A questo punto però vorrei chiederti una confidenza, che comunque sarà pubblicata. Non trovi difficile, essendo tu un imprenditore, fare da presidente da così tanto tempo?
Per me è come un hobby! Nel senso che come per un hobby non calcoli mai i costi, né i tempi. L’ho creata io VinNatur, a un certo punto dovrò pure mollare, ma intanto, nel corso del tempo, essendo io malato di conoscenza, di imparare, e desideroso di esserlo per sempre, ho potuto concentrarmi su questo aspetto e seguo direttamente la parte di lavoro relativa alle ricerche scientifiche, mentre gli altri membri del consiglio seguono le fiere, la logistica, la comunicazione, non sono solo.
Seconda confidenza: qual è il vino naturale che piace ad Angiolino Maule?
Non esiste! Come produttore, ogni volta che raggiungo ciò che sogno, magari un vino naturale minerale fruttato strutturato, appena arrivo a berlo, alzo di nuovo l’asticella. E’ la storia dell’evoluzione, capisci? Quando alle prime fiere ricevevo dei complimenti, tornavo a casa con l’idea che dovevo fare ancora di più, per meritarli. Ti racconto una storia: A sedici anni ero con un gruppo di amici e con i motorini eravamo soliti spostarci da un paese all’altro per raggiungere i posti frequentati dai nostri coetanei; arrivammo in uno di questi paesi e sentii un gruppo di ragazzi, vicino a noi, che parlava di un sassofonista fortissimo. Ero io, ma non mi presentai, tornai a casa a esercitarmi al sassofono per ore. E faccio così oggi.
Un gioco, in chiusura: mi diresti dieci verbi all’infinito che rappresentano il tuo modo di intendere lavoro e vita?
No, no, non voglio!
Poi Angiolino si guarda attorno, c’è Erica Portinari moglie di Francesco Maule e socia nel progetto Arké; c’è Federico Manfrin, amico di Angiolino e fotografo del VinNatur. Spronano scherzosamente Angiolino e poi si mettono insieme a buttar giù una lista che mi consegnano:
MIGLIORARE, CRESCERE, COSTRUIRE, COMBATTERE, SUONARE, NUOTARE, SOGNARE, ORGANIZZARE, CONFRONTARE/RSI, AMARE.

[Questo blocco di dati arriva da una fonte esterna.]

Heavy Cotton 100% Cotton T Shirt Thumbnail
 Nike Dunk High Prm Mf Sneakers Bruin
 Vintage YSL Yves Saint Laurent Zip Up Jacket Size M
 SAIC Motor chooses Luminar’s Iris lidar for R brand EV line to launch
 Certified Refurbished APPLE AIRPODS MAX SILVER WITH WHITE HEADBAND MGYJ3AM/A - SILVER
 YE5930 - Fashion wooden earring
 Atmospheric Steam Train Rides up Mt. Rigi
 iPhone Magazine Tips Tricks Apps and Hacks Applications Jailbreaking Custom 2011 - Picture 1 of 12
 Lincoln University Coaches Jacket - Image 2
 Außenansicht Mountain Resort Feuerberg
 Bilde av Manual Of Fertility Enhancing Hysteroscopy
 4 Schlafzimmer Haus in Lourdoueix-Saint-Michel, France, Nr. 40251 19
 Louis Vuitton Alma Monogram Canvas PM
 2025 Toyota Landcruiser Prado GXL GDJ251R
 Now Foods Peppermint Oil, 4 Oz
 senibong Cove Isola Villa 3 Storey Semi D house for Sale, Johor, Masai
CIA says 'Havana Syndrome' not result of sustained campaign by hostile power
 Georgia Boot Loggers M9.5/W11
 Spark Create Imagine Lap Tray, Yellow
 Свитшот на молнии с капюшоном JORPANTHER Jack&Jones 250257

Lorella Reale è proprietaria con Piero Riccardi dell’azienda Riccardi Reale, socia VinNatur. E’ autrice di libri e articoli sul cinema, la letteratura, il femminismo. Nel 2020 ha pubblicato “Sorsi letterari. Vin naturale come utopia” Altravista Editore.
Sempre un riferimento
Io sono un operaio ora in pensione con 1300 euro. Probabilmente non comprerò mai i vini di Angiolino MAULE perché, hanno un costo che oltrepassa le mie possibilità economiche.
Però, leggendo l’intervista ed intravedendo tutto l’Amore che ci mette nel produrre i suoi vini di Qualità, ho pianto. Grazie per il suo coraggio e perseveranza.